The Phoronix benchmarks are quite clear,[0] I don't know why you keep linking to AnandTech's Windows benchmarks. I say this as someone who reads tons of AnandTech reviews because they're great, but Windows just doesn't do well with high core count hardware at all.

[0]: https://www.phoronix.com/scan.php?page=article&item=2990wx-l...

This seems like a familiar issue I've run into with workstations I've used in the past running Xeons. Not sure how NTOSKRNL handles scheduling of parallel tasks. I'd venture a guess and say it's hybrid (M:N threads), where multiple userland application threads are mapped to some "virtual processor" in kernelmode. That leads to priority inversion between the userland and kernelmode threads, which could explain why Windows benchmarks are terrible when dealing with multiple physical cores.
As far as I know Win NT threads are 1:1.

Not even sure how it would work or even make any sense to have N:M handled by the kernel. N:M is usually a mainly a userspace thing. And Windows is even less likely to use that kind of convolution, because IIRC it can call back from kernel to userspace (that design I would not recommend, btw, but oh well). You have fibers, of course, but that's a different thing.

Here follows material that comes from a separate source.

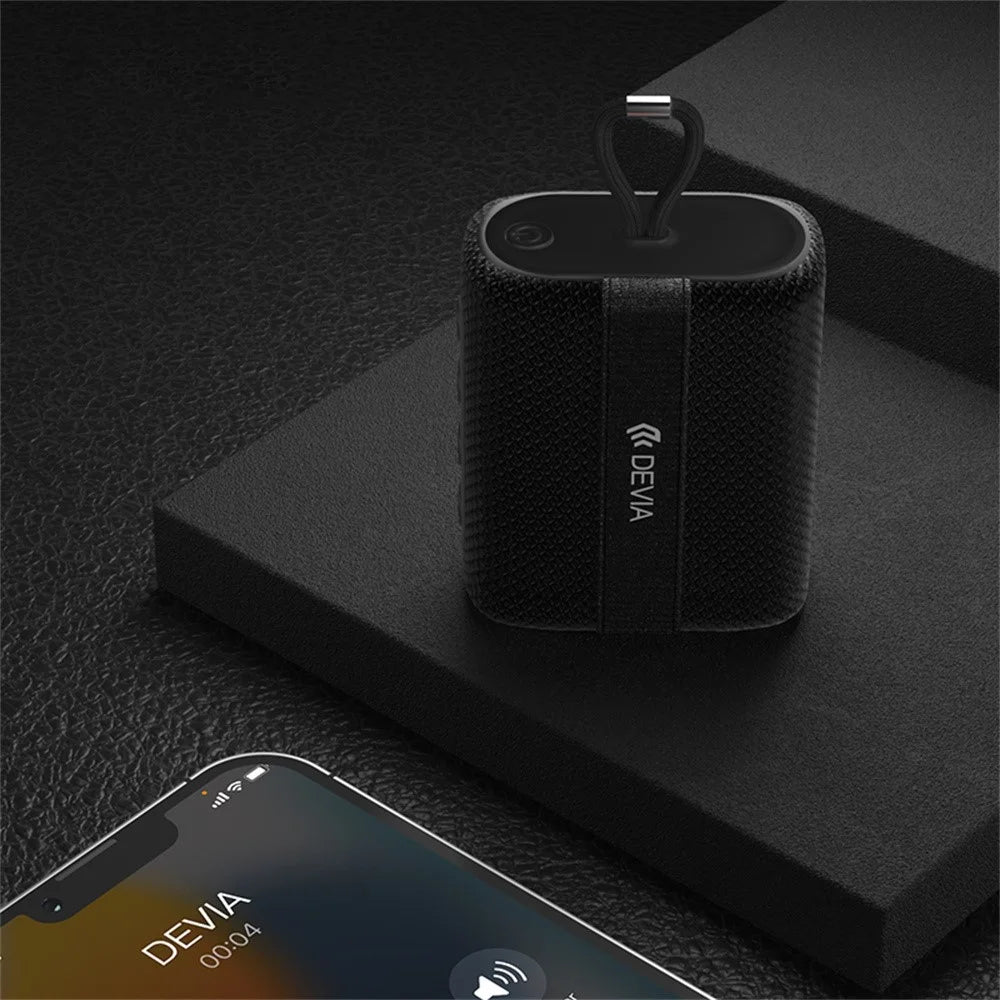 DEVIA EM503 Star Series O-A2 Portable Bluetooth-Compatible Speaker with Lanyard HiFi Sound Speaker - Black - 4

Windows does not scale probably simply because the kernel is full of "big" locks (at least not small enough...) everywhere, and they have far less fancy structures and algo than Linux (is there any equivalent of RCU that is widely used in there? - not sure). Cf the classic posts of the builder of Chrome who every now and then encounter a ridiculous slowdown of his builds on moderately big computers, sometimes because of mutexes badly placed.

> Not even sure how it would work or even make any sense to have N:M handled by the kernel. N:M is usually a mainly a userspace thing.

Correct, I meant that the benchmarking program itself probably used that implementation. Not the Win NT kernel’s implementation of OS threads.

See the phoronix benchmarks, linux performs much better on same workloads.